As the answer, set down the lines below from the one containing "In My Coquette" through the one containing "Football Hallelujah T-Shirt", exactly and inclusively, and no others.

• [Records provided]
----------

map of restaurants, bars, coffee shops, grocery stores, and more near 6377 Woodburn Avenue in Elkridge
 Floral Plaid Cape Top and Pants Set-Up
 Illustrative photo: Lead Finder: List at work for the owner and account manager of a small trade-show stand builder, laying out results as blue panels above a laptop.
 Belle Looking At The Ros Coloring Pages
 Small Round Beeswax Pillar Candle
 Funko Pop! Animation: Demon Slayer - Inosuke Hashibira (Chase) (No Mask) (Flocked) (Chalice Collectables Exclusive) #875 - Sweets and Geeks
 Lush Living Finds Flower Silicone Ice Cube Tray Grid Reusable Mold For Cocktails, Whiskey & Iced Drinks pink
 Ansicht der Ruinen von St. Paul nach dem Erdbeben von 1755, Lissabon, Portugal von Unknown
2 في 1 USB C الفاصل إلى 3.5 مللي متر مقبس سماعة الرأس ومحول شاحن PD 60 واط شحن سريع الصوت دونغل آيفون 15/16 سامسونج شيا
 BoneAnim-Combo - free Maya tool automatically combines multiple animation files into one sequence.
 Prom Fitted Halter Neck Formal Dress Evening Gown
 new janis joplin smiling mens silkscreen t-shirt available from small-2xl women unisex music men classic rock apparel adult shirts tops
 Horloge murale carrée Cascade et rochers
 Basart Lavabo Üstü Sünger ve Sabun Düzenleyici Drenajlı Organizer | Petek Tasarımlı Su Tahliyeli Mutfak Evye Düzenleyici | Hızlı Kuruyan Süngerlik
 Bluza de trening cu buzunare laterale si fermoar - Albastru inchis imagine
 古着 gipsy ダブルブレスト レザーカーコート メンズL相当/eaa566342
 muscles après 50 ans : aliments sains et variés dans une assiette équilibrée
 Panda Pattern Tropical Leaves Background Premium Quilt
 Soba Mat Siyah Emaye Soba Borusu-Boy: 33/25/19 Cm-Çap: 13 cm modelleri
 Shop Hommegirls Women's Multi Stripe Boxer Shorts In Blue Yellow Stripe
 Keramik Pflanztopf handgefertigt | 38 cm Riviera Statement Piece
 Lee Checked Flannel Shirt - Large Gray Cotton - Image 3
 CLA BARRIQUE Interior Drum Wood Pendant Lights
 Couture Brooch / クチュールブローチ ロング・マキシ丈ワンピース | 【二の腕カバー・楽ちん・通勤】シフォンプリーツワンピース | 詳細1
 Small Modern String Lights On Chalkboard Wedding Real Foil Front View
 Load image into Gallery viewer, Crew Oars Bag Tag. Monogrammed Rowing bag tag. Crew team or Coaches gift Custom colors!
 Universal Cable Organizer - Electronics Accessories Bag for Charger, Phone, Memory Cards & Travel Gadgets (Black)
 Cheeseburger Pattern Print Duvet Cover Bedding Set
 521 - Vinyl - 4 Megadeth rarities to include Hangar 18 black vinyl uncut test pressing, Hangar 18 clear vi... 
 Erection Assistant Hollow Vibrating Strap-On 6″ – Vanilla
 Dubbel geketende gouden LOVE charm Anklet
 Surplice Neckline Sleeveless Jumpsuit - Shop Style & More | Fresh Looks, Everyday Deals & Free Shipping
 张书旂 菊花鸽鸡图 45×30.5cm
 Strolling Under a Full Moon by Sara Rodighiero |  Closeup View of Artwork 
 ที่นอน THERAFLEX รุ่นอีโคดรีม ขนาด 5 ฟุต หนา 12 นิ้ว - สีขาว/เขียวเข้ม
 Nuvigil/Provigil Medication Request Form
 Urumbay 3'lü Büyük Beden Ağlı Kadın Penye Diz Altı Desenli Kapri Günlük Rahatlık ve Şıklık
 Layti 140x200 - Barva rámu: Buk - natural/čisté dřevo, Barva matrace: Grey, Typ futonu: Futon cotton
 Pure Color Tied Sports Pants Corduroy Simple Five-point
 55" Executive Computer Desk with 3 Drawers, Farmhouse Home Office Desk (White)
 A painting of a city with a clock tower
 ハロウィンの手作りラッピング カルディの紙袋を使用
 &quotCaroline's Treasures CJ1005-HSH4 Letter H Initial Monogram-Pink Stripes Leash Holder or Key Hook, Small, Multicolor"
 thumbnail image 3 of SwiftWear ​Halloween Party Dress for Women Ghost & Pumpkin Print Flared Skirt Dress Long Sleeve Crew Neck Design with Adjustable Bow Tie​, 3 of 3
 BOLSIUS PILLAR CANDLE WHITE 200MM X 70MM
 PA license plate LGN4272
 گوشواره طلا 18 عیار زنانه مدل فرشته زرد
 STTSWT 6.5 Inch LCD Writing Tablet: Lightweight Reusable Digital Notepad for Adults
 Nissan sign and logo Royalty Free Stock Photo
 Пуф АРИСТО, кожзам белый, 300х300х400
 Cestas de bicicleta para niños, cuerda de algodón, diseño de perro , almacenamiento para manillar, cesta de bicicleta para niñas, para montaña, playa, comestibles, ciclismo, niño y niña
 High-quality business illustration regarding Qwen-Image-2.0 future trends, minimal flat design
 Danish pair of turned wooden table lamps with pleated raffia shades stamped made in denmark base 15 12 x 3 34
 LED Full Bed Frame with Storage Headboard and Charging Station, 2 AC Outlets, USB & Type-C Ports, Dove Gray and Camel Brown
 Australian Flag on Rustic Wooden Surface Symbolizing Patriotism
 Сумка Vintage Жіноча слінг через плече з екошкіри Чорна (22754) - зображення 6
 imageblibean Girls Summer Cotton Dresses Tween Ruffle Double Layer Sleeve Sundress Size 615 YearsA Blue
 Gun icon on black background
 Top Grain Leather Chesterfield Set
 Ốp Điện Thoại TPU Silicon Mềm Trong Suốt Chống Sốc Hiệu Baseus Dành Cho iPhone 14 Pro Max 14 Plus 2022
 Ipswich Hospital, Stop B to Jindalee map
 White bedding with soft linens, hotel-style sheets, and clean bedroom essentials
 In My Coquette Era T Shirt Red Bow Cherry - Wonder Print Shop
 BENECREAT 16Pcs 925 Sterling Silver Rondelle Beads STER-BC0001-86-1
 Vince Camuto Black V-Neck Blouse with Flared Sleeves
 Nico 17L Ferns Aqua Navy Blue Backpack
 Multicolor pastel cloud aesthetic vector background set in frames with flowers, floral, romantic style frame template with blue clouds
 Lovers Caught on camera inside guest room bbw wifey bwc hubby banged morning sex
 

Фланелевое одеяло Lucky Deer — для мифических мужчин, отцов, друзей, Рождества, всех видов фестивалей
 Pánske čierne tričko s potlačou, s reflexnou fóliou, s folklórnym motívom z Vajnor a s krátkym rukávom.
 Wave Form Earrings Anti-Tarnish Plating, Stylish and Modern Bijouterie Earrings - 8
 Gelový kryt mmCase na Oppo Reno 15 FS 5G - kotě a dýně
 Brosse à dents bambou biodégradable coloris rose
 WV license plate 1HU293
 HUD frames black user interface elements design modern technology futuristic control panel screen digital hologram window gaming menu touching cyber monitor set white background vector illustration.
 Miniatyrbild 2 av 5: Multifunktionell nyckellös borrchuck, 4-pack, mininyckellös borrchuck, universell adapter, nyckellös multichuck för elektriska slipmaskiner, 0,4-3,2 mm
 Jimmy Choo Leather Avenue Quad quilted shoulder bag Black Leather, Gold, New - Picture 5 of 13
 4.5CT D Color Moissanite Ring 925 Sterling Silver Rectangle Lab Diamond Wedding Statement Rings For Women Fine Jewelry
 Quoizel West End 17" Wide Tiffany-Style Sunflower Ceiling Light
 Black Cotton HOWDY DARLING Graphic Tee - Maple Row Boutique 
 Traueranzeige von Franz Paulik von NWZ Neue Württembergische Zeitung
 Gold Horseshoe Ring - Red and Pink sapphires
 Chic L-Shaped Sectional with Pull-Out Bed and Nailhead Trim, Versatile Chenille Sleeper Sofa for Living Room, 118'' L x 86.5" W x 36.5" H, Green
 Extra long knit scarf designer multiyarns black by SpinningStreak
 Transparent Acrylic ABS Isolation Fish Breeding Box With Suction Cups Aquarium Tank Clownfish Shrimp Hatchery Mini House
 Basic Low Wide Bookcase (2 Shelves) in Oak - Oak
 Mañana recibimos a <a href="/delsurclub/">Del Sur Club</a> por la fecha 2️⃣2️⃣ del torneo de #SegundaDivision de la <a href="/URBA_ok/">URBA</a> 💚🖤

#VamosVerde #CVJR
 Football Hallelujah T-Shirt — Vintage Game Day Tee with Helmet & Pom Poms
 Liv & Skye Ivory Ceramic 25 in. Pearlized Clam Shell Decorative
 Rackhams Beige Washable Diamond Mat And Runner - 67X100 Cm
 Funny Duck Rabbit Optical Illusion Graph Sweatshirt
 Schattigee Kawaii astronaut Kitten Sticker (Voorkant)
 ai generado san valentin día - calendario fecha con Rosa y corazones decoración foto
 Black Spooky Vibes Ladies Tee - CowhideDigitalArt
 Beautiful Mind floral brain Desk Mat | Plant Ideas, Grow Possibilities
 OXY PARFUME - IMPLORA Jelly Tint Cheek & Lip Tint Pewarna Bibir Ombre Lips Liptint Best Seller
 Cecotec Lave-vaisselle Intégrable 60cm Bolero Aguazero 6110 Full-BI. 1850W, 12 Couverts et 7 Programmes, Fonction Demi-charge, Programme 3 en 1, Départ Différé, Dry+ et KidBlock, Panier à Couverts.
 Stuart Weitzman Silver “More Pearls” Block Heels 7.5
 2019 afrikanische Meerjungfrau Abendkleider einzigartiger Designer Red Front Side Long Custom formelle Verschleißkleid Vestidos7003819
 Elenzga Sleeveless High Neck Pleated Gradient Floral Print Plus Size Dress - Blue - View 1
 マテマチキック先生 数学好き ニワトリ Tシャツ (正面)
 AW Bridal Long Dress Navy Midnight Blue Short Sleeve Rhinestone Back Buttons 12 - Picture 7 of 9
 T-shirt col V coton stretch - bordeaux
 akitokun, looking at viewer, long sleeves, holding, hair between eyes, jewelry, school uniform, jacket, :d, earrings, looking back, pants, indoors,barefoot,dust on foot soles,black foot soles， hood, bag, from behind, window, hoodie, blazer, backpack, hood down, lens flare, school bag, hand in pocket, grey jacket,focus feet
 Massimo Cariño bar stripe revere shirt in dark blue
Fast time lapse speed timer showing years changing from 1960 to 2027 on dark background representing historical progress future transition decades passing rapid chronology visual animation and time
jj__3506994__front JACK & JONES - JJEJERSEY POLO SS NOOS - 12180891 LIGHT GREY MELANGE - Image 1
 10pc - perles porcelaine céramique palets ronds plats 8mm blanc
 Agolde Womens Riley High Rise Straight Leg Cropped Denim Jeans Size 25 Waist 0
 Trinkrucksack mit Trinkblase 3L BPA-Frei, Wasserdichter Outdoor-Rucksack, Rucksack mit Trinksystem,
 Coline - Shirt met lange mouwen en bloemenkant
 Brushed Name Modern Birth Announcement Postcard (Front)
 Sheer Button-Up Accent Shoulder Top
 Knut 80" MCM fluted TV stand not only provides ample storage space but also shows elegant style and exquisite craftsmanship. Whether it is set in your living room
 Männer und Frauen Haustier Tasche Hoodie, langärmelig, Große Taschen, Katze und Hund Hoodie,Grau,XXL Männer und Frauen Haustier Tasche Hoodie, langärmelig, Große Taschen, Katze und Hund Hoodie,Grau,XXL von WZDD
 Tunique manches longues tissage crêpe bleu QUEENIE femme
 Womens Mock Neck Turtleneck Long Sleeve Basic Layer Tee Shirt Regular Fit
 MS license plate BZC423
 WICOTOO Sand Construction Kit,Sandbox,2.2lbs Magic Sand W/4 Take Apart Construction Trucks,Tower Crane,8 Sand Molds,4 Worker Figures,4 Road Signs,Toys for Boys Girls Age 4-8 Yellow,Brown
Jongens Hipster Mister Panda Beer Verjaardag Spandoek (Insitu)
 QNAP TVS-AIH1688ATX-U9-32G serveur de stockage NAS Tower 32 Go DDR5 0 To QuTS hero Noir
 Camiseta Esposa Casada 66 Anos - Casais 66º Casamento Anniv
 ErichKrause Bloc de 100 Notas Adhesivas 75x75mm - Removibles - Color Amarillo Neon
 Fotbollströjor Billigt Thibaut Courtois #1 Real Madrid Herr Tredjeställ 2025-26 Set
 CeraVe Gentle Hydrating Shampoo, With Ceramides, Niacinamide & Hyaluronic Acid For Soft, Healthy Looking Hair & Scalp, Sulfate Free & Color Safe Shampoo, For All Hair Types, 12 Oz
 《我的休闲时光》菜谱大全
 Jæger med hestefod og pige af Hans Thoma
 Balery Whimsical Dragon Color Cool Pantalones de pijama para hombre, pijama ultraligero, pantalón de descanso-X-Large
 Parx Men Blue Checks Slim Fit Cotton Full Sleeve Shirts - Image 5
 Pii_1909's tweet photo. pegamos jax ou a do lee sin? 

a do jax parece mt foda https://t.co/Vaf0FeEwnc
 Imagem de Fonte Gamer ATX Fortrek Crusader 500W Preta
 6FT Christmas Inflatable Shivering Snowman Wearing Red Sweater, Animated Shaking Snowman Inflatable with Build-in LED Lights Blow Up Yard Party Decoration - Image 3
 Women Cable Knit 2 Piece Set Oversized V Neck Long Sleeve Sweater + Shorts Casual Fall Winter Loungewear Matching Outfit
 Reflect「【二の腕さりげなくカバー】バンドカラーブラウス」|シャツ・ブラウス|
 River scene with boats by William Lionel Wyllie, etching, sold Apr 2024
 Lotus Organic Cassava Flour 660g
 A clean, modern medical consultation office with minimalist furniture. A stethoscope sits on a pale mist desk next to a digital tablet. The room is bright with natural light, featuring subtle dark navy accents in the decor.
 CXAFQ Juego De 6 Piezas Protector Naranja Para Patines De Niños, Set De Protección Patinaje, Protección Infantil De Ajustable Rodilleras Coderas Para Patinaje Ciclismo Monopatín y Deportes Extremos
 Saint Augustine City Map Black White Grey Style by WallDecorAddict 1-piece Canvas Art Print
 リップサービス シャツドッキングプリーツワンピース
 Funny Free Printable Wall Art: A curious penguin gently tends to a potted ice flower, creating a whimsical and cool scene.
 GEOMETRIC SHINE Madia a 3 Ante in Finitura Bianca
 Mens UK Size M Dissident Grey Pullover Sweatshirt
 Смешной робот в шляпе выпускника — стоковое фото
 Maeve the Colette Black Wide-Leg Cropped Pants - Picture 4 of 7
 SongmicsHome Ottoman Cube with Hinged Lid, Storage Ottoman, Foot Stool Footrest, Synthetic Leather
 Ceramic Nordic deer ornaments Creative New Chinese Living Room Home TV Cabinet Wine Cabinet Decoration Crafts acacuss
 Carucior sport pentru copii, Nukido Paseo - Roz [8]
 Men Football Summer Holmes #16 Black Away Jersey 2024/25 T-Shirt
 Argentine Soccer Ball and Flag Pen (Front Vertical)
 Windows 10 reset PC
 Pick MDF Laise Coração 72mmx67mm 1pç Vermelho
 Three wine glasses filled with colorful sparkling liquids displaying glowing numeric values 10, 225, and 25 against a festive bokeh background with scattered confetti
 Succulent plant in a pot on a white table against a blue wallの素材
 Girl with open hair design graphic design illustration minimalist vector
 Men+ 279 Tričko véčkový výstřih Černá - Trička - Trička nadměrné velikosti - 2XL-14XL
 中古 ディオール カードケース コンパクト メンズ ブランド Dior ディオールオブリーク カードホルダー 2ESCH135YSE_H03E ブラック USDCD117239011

----------

• [Written response]
 In My Coquette Era T Shirt Red Bow Cherry - Wonder Print Shop
 BENECREAT 16Pcs 925 Sterling Silver Rondelle Beads STER-BC0001-86-1
 Vince Camuto Black V-Neck Blouse with Flared Sleeves
 Nico 17L Ferns Aqua Navy Blue Backpack
 Multicolor pastel cloud aesthetic vector background set in frames with flowers, floral, romantic style frame template with blue clouds
 Lovers Caught on camera inside guest room bbw wifey bwc hubby banged morning sex
 

Фланелевое одеяло Lucky Deer — для мифических мужчин, отцов, друзей, Рождества, всех видов фестивалей
 Pánske čierne tričko s potlačou, s reflexnou fóliou, s folklórnym motívom z Vajnor a s krátkym rukávom.
 Wave Form Earrings Anti-Tarnish Plating, Stylish and Modern Bijouterie Earrings - 8
 Gelový kryt mmCase na Oppo Reno 15 FS 5G - kotě a dýně
 Brosse à dents bambou biodégradable coloris rose
 WV license plate 1HU293
 HUD frames black user interface elements design modern technology futuristic control panel screen digital hologram window gaming menu touching cyber monitor set white background vector illustration.
 Miniatyrbild 2 av 5: Multifunktionell nyckellös borrchuck, 4-pack, mininyckellös borrchuck, universell adapter, nyckellös multichuck för elektriska slipmaskiner, 0,4-3,2 mm
 Jimmy Choo Leather Avenue Quad quilted shoulder bag Black Leather, Gold, New - Picture 5 of 13
 4.5CT D Color Moissanite Ring 925 Sterling Silver Rectangle Lab Diamond Wedding Statement Rings For Women Fine Jewelry
 Quoizel West End 17" Wide Tiffany-Style Sunflower Ceiling Light
 Black Cotton HOWDY DARLING Graphic Tee - Maple Row Boutique 
 Traueranzeige von Franz Paulik von NWZ Neue Württembergische Zeitung
 Gold Horseshoe Ring - Red and Pink sapphires
 Chic L-Shaped Sectional with Pull-Out Bed and Nailhead Trim, Versatile Chenille Sleeper Sofa for Living Room, 118'' L x 86.5" W x 36.5" H, Green
 Extra long knit scarf designer multiyarns black by SpinningStreak
 Transparent Acrylic ABS Isolation Fish Breeding Box With Suction Cups Aquarium Tank Clownfish Shrimp Hatchery Mini House
 Basic Low Wide Bookcase (2 Shelves) in Oak - Oak
 Mañana recibimos a <a href="/delsurclub/">Del Sur Club</a> por la fecha 2️⃣2️⃣ del torneo de #SegundaDivision de la <a href="/URBA_ok/">URBA</a> 💚🖤

#VamosVerde #CVJR
 Football Hallelujah T-Shirt — Vintage Game Day Tee with Helmet & Pom Poms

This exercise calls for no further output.